## [EXERCISE PROMPT]
What is needed is a word-for-word copy of the lines below from the one with "Stainless hand gun" through the one with "A man and woman", both included, with every picture left out.

## [RECORDS FOR THIS TASK]
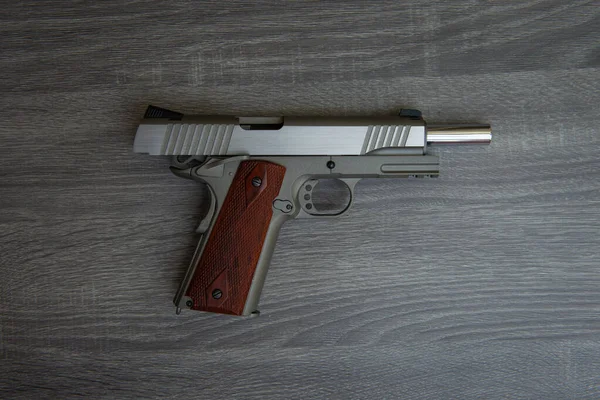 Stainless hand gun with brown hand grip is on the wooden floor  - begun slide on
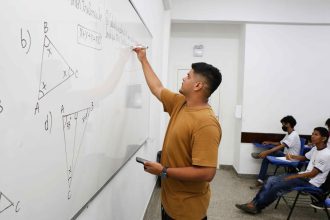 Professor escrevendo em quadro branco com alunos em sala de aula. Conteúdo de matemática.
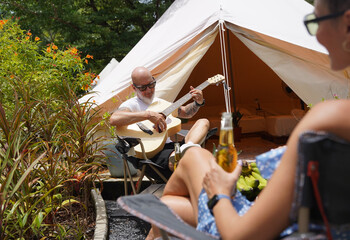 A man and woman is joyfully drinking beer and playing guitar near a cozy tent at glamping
==
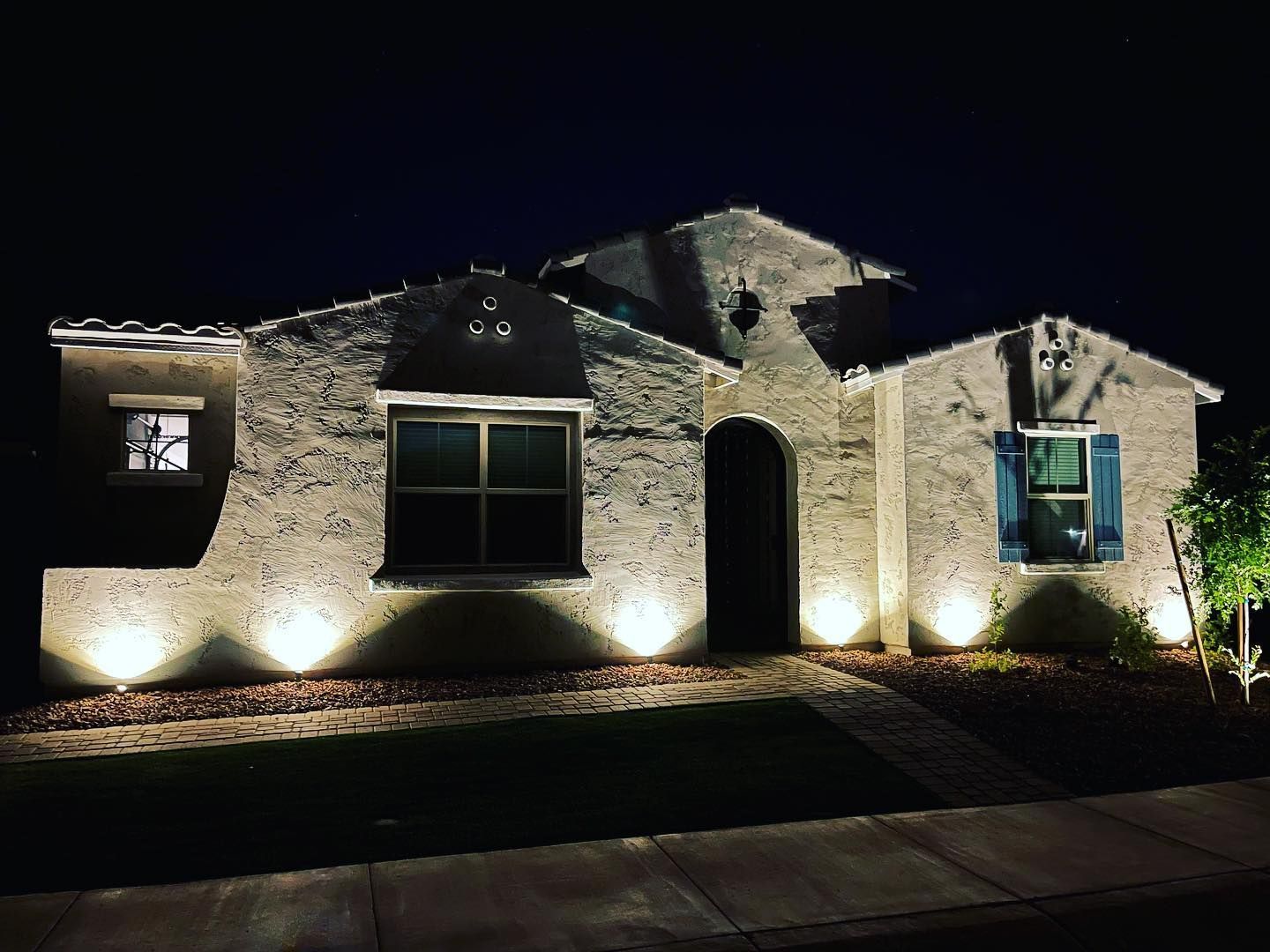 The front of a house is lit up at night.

## [SOLVED EXERCISE]
 Stainless hand gun with brown hand grip is on the wooden floor  - begun slide on
 Professor escrevendo em quadro branco com alunos em sala de aula. Conteúdo de matemática.
 A man and woman is joyfully drinking beer and playing guitar near a cozy tent at glamping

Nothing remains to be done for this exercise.